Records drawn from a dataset
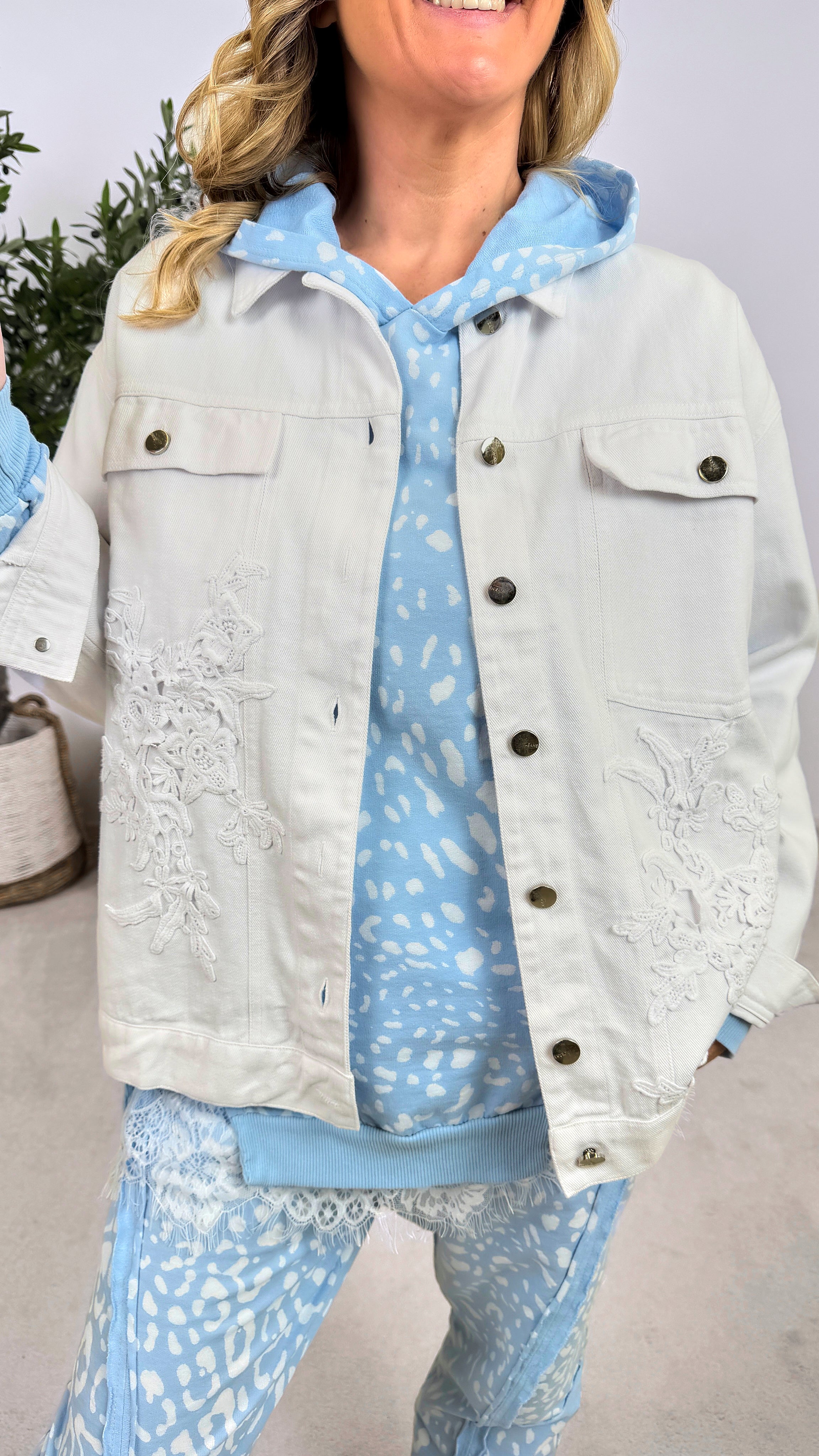 Jeansjacke Luxe Embroidery *Weiß*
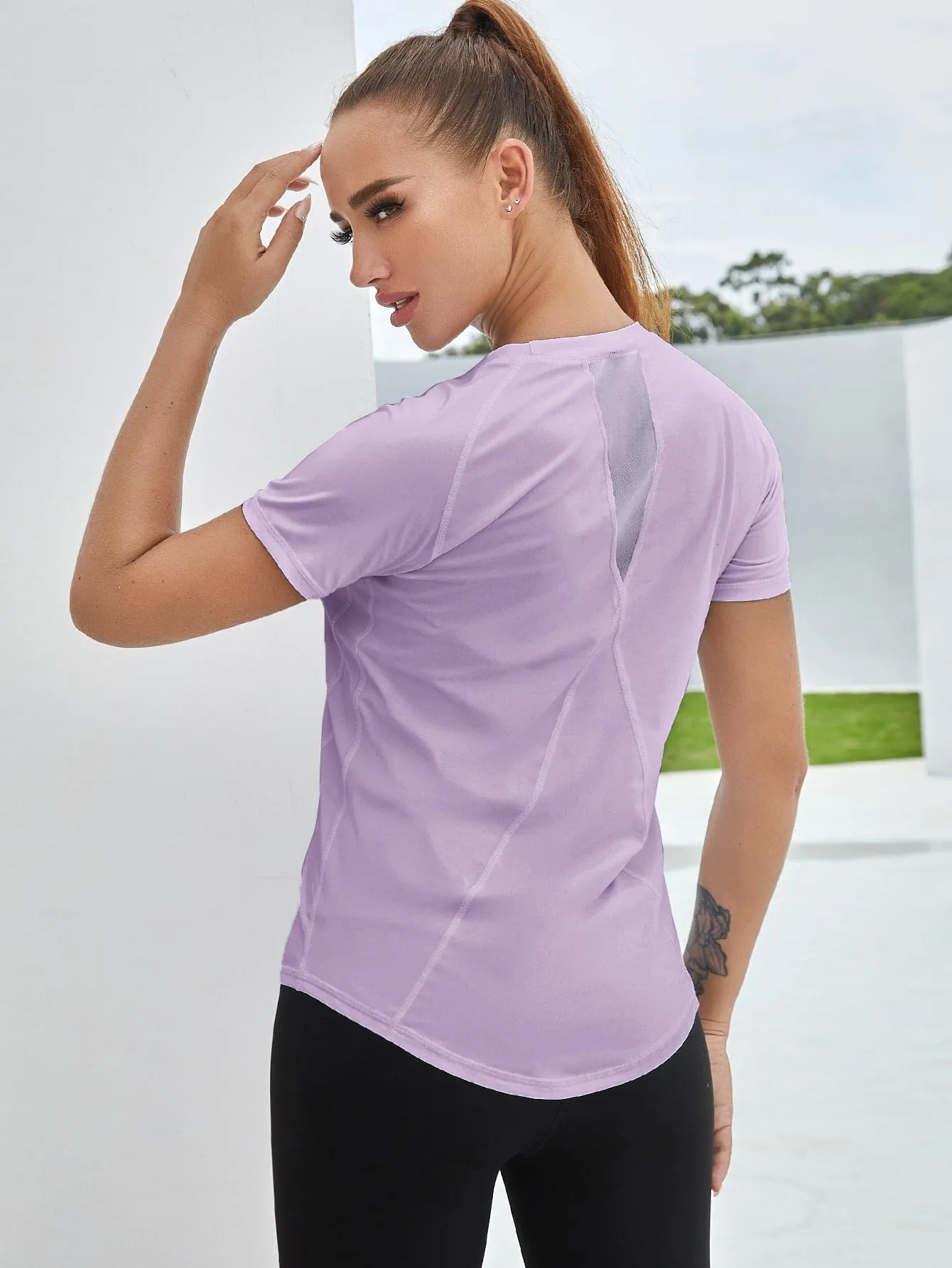 Breathable Curved Hem Mesh Insert Active Tee SS23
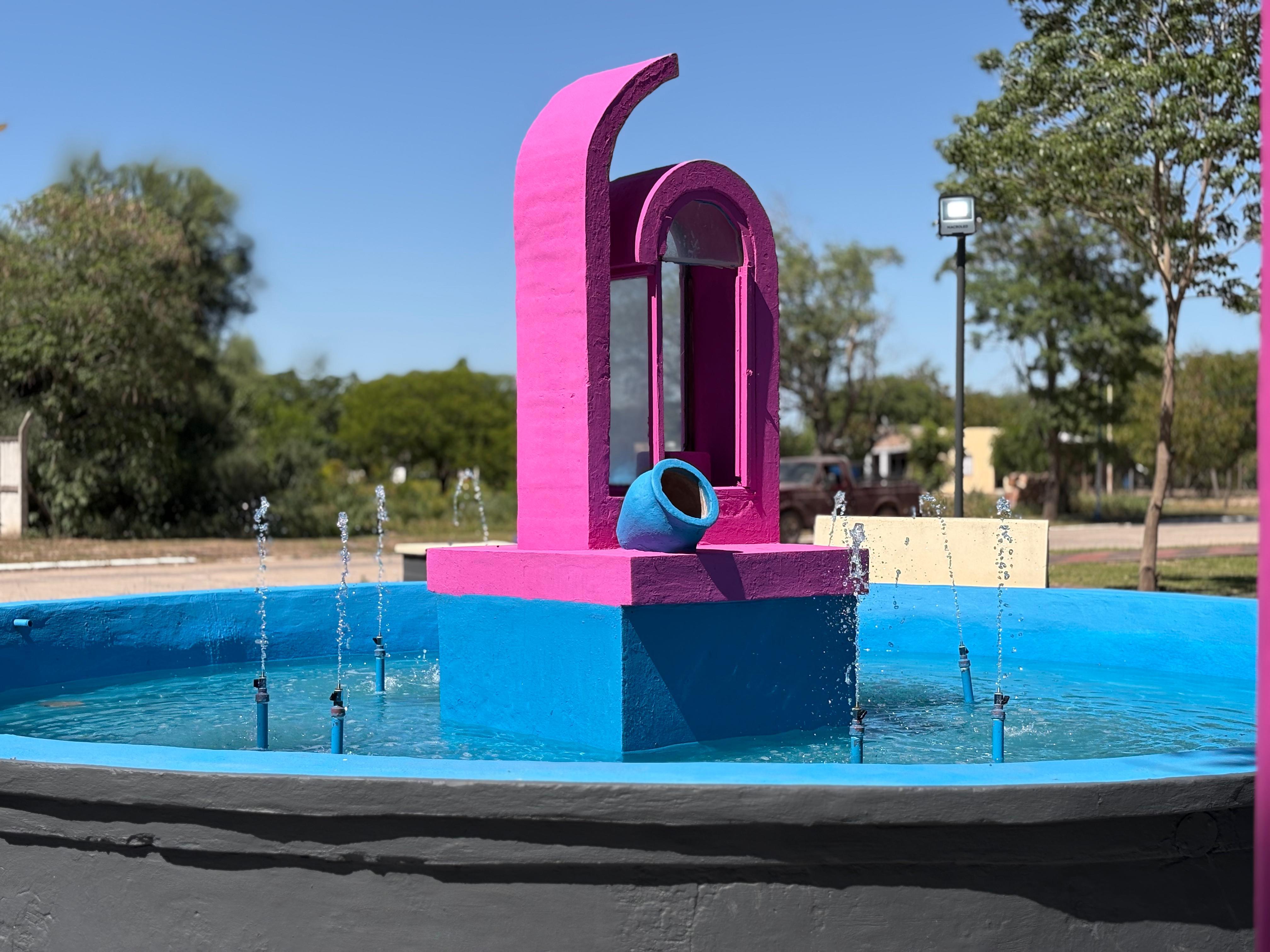 *CHOROTIS ESTRENA SU PLAZA CENTRAL RENOVADA Y RECIBE TANQUES DE AGUA PARA LAS FAMILIAS DE LA COMUNIDAD*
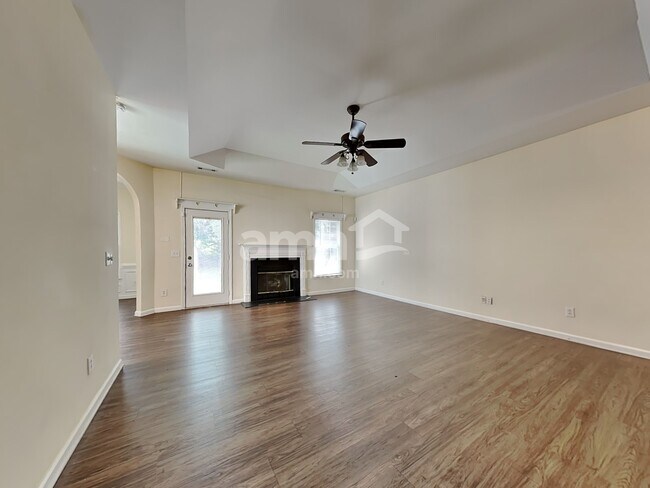 Foto del edificio - 2812 Bridgeport Dr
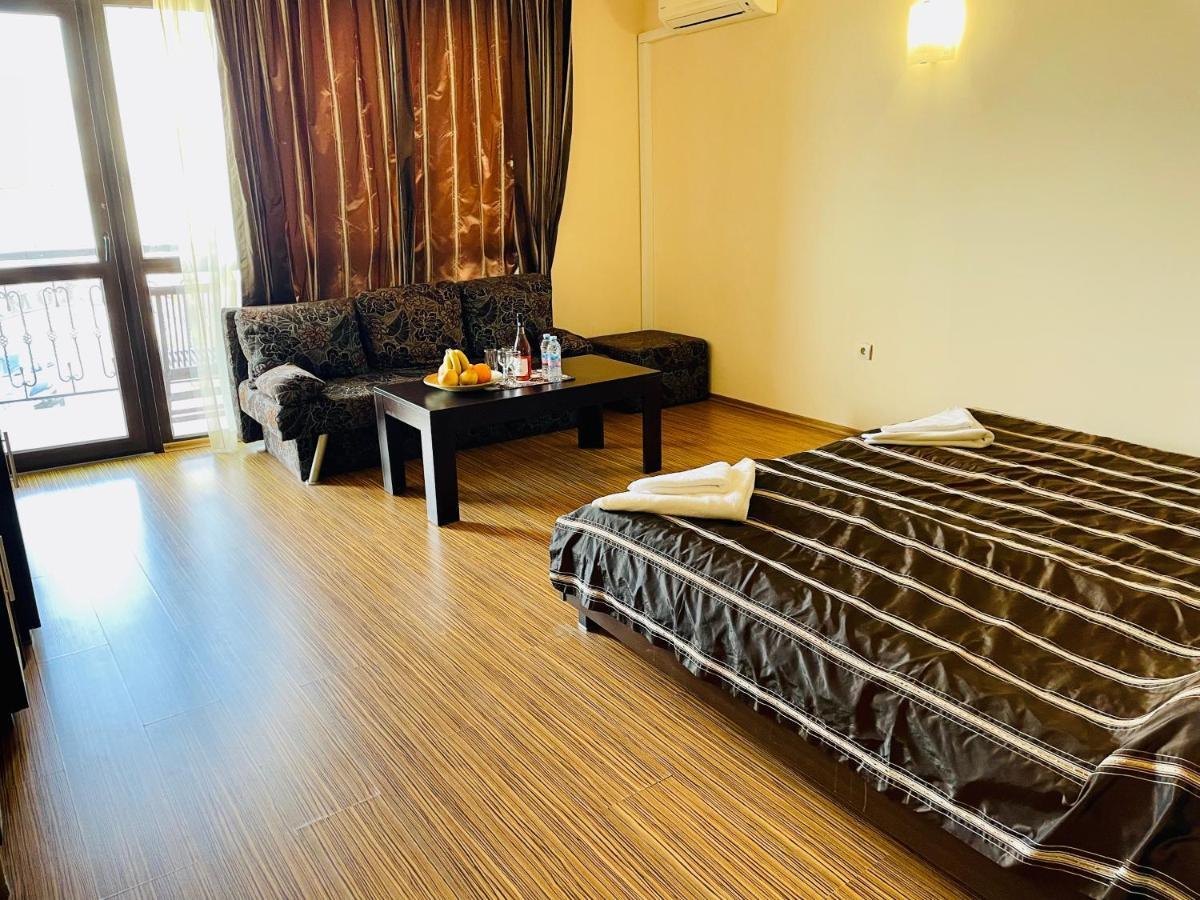 At The American'S Hotel Pomorie Ngoại thất bức ảnh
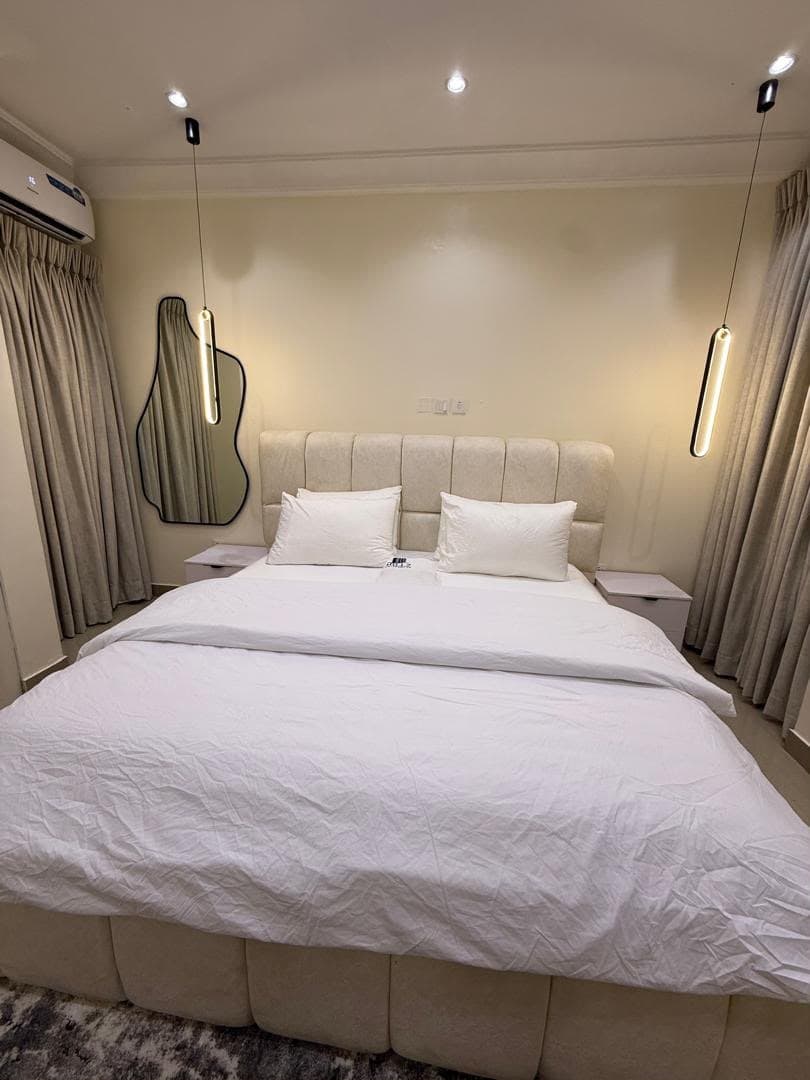 The Irish Luxury 3-Bedroom Apartment in Parkview, Ikoyi - Image 5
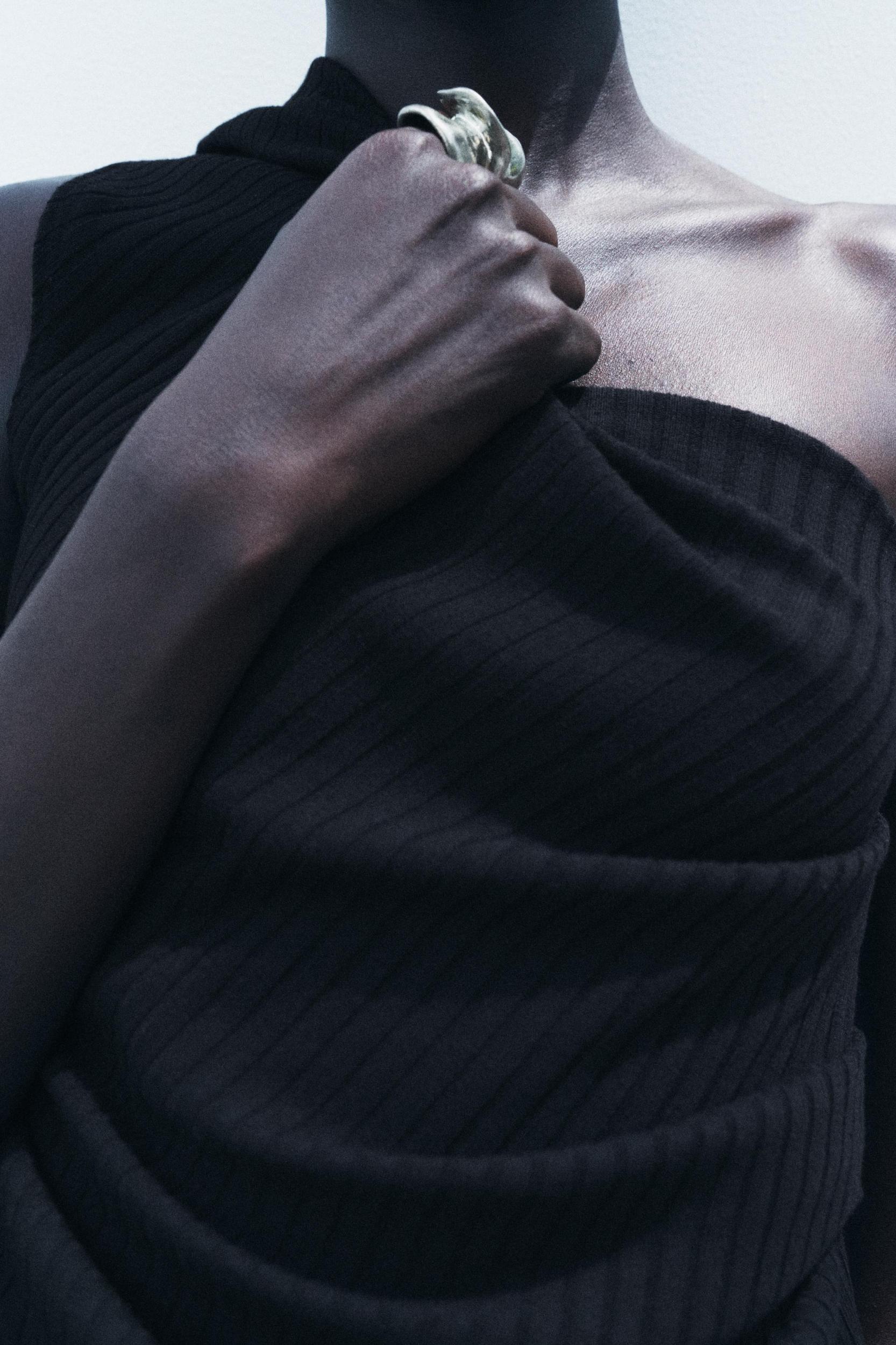 ASYMMETRIC RIBBED TOP Product Image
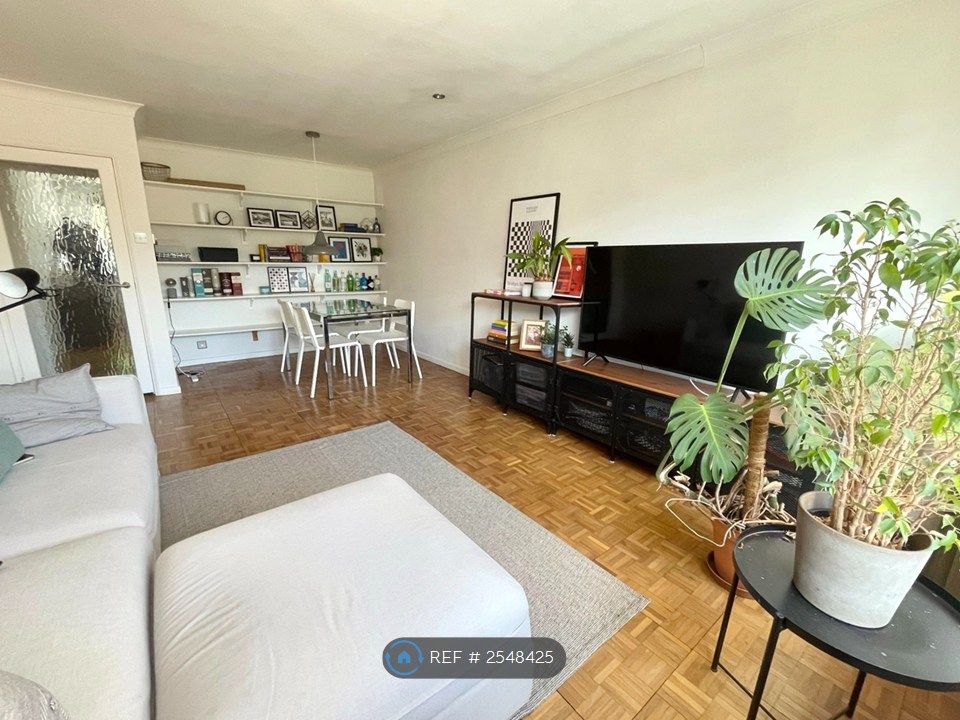Property photo 2 of 15 Living Room Full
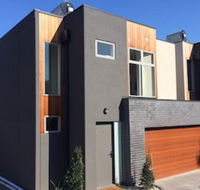 Close To Airport City  Shops - Gold Coast 4U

## Assignment
Each line from the one containing "Property photo 2 of 15 Living Room Full" through the end of the records above is to be retyped exactly, with the pictures omitted and nothing added.

## Answer area
Property photo 2 of 15 Living Room Full
 Close To Airport City  Shops - Gold Coast 4U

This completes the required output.